Stored items:
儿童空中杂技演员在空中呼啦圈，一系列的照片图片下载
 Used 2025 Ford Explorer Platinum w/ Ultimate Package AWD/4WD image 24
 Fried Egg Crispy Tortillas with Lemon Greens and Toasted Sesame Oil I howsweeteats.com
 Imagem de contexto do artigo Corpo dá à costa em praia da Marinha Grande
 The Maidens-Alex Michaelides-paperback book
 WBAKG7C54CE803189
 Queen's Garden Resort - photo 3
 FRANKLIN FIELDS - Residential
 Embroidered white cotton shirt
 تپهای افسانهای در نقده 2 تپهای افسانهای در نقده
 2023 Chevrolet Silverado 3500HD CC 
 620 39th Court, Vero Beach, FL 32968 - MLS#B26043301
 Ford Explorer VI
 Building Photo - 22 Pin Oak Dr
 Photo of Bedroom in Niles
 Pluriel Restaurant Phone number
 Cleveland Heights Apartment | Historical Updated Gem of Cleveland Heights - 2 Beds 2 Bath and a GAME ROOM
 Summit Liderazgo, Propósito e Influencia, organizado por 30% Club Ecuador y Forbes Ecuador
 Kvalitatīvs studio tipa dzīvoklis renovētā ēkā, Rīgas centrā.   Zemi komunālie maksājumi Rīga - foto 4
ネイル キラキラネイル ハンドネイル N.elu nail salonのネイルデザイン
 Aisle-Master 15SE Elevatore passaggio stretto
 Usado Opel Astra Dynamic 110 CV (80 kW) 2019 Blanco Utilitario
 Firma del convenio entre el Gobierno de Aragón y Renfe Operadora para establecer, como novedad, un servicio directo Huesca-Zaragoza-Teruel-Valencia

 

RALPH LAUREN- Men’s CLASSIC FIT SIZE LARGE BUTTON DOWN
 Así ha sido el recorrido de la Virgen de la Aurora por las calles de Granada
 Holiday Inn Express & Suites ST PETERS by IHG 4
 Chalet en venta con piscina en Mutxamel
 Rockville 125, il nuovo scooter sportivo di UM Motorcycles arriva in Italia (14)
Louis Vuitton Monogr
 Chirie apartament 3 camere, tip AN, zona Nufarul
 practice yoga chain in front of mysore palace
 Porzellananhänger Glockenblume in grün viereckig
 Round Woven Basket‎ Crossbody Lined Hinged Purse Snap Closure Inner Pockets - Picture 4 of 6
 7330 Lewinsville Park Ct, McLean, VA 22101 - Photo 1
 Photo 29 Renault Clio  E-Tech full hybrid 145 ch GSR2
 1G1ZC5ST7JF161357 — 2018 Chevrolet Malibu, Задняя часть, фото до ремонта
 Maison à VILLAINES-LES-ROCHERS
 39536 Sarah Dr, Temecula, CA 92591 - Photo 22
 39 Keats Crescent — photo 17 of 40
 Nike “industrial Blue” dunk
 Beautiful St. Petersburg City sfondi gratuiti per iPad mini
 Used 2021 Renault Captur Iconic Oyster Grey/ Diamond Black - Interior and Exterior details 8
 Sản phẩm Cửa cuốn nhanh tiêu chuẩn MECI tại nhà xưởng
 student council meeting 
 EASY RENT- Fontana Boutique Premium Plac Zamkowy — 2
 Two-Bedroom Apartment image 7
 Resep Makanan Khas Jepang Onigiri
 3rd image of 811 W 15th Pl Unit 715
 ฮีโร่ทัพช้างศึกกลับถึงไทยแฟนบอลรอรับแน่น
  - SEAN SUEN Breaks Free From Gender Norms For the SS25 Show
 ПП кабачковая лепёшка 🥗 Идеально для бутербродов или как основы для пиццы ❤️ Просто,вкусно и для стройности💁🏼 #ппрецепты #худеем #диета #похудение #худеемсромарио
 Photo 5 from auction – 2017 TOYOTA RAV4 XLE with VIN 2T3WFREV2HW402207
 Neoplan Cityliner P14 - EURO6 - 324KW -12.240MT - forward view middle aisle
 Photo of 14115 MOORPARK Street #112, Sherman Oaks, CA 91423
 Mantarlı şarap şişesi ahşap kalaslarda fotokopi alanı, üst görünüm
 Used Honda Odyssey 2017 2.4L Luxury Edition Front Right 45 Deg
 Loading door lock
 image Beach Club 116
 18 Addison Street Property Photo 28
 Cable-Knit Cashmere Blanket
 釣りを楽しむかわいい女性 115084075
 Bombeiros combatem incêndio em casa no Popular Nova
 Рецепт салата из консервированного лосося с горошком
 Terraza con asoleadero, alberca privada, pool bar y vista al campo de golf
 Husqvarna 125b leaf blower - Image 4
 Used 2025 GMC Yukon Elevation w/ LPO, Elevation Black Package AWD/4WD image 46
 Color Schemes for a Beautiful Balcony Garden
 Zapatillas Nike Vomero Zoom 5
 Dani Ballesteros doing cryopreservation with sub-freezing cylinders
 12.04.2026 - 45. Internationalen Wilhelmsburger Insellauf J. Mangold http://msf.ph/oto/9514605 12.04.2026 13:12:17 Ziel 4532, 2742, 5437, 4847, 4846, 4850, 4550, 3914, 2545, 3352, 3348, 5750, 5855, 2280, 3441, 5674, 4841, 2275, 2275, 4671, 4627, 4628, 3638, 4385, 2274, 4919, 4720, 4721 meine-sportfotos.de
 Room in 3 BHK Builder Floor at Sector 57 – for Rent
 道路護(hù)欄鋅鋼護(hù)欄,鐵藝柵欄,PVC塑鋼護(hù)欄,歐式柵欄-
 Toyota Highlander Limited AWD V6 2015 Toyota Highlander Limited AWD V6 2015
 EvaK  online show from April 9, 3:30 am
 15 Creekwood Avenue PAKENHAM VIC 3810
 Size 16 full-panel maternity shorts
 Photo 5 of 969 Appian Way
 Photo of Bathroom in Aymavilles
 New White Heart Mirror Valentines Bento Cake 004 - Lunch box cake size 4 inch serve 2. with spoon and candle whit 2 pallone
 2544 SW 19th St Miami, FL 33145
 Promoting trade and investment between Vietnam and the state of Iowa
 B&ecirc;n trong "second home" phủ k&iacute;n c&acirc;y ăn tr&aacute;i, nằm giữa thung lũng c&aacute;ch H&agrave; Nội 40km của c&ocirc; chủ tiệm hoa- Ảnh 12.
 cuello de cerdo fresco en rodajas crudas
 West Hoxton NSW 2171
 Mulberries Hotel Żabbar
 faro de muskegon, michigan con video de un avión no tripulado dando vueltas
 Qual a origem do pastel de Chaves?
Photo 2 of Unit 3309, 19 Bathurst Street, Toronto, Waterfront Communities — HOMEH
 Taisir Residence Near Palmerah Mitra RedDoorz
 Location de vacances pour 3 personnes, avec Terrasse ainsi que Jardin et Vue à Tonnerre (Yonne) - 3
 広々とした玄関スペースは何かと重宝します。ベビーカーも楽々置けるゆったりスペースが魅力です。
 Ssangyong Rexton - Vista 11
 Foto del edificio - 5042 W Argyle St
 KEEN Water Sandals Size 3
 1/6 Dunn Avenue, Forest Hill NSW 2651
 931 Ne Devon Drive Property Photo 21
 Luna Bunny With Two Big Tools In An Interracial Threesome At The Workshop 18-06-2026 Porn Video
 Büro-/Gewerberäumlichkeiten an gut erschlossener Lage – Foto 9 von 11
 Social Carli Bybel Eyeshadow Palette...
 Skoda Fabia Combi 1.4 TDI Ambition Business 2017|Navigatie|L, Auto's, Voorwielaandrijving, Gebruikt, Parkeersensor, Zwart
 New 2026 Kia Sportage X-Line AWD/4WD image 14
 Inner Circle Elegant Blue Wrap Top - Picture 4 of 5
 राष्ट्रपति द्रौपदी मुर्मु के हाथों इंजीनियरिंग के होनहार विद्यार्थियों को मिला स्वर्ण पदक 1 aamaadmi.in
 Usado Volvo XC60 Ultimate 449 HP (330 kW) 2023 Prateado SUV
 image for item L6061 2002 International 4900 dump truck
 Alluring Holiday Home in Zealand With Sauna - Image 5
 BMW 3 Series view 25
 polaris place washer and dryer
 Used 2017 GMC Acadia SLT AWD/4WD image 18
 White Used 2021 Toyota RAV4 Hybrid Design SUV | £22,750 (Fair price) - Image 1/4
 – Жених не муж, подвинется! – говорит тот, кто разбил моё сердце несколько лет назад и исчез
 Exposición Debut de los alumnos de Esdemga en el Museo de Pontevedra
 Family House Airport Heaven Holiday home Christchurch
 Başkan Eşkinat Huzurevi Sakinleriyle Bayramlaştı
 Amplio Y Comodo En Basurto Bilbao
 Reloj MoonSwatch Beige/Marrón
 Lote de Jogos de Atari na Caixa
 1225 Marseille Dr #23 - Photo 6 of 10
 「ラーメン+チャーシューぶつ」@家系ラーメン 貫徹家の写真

Problem details - All that is required is the number of lines in the data above that contain the word "Bedroom".

Response below - 2